LENDERS may be falling over themselves to extend home loans. Getting a loan, however, will fulfil only 85% of your requirement, as banks are not allowed to fund 100% of the property's value. The 85% limit is placed to ensure that the borrower has a substantial stake in the house. It also ensures that even if property prices crash, the lender has adequate security against the loan. This condition, though, may pose difficulties for borrowers - particularly young buyers with decent salaries, but inadequate savings to make a down payment. While they can consider taking additional loans, they should ensure that they can afford the EMIs of both the loans. The thumb rule is that a young individual's EMI outgo should not exceed 50-65% of the gross income.

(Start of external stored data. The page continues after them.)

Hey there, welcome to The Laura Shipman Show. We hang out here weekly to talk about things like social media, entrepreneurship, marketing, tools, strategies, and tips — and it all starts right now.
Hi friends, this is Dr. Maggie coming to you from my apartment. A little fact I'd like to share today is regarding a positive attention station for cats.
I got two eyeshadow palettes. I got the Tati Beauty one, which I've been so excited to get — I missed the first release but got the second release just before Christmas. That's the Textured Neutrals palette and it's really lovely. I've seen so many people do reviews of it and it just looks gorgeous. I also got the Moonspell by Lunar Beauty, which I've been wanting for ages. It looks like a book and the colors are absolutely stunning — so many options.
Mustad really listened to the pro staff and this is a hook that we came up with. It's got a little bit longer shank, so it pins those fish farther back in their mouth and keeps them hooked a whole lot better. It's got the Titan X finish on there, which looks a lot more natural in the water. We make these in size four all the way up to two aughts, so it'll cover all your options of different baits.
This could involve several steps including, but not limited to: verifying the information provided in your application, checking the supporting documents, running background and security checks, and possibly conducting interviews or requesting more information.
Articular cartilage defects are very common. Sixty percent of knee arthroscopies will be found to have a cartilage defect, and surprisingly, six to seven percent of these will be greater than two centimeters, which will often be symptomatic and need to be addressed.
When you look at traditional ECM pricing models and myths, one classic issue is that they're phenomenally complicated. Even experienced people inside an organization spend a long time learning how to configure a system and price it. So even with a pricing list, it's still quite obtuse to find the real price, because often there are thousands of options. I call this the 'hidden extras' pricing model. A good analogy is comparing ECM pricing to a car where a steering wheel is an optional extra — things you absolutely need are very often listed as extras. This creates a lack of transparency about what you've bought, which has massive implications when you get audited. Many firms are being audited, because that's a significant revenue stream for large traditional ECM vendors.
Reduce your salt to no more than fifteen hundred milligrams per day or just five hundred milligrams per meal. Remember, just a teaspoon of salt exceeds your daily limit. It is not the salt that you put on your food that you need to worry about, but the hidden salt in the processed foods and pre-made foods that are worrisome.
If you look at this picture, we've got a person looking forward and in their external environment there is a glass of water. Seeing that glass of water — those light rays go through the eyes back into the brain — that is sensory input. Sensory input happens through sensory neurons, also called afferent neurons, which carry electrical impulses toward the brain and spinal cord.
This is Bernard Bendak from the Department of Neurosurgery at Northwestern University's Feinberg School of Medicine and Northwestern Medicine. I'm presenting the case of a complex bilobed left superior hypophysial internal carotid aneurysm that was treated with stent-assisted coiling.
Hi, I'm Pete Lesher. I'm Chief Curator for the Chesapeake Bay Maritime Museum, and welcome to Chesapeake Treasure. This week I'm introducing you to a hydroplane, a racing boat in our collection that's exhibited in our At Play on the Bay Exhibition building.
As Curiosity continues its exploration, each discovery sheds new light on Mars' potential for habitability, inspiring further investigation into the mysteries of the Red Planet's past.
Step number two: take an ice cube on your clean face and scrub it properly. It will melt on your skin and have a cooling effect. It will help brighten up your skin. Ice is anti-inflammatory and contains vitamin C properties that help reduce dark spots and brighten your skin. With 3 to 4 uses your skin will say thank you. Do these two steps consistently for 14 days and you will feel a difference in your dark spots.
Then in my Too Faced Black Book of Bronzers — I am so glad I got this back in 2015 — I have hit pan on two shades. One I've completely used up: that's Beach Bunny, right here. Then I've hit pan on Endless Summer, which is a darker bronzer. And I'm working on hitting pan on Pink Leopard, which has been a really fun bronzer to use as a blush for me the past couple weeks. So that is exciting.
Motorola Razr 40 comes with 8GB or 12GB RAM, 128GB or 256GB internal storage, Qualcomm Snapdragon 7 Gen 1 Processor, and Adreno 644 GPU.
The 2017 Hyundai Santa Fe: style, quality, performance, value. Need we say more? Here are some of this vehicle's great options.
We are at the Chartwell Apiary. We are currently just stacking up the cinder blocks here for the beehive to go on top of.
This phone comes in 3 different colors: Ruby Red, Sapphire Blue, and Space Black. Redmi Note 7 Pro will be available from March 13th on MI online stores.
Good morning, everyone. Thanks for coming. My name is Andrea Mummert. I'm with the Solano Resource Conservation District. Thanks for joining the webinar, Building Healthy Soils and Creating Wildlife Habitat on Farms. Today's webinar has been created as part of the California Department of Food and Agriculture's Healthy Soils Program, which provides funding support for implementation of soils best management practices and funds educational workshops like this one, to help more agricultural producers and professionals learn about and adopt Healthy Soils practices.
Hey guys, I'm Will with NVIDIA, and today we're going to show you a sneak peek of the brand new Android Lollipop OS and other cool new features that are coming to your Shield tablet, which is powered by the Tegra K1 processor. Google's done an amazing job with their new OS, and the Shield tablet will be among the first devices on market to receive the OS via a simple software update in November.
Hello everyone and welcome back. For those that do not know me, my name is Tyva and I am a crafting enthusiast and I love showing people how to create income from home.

Also, remember that taking a personal loan affects your home loan repayment capacity. Mortgage lenders consider your loan eligibility based on your repayment capacity. A number of factors are taken into account when assessing the repayment capacity, such as income, age, qualifications, work experience, the number of dependents, job profile, spouse's income (if any), assets, liabilities (which include personal loans), continuity of occupation and savings history. One route is to borrow against liquid assets as they come at a cheaper cost compared to personal loans and credit cards.

LOAN AGAINST LIFE POLICIES

This could be the best option, particularly if the life insurance company lends the amount, in which case you stand to benefit on two counts - the relatively low interest rate and a convenient repayment schedule. However, you can borrow only against endowment policies, and not term or unit-linked plans. LIC allows you to borrow up to 90% of the surrender value of the policy, for which, you will be charged an interest of 9%, to be paid half-yearly. Else, you can choose to let the loan amount be deducted at the time of claim payments. Alternatively, you can raise a loan by pledging your insurance policy with a bank. In either case, in the event of your demise, the benefits repay the loan outstanding and any surplus leftover is paid to your nominees.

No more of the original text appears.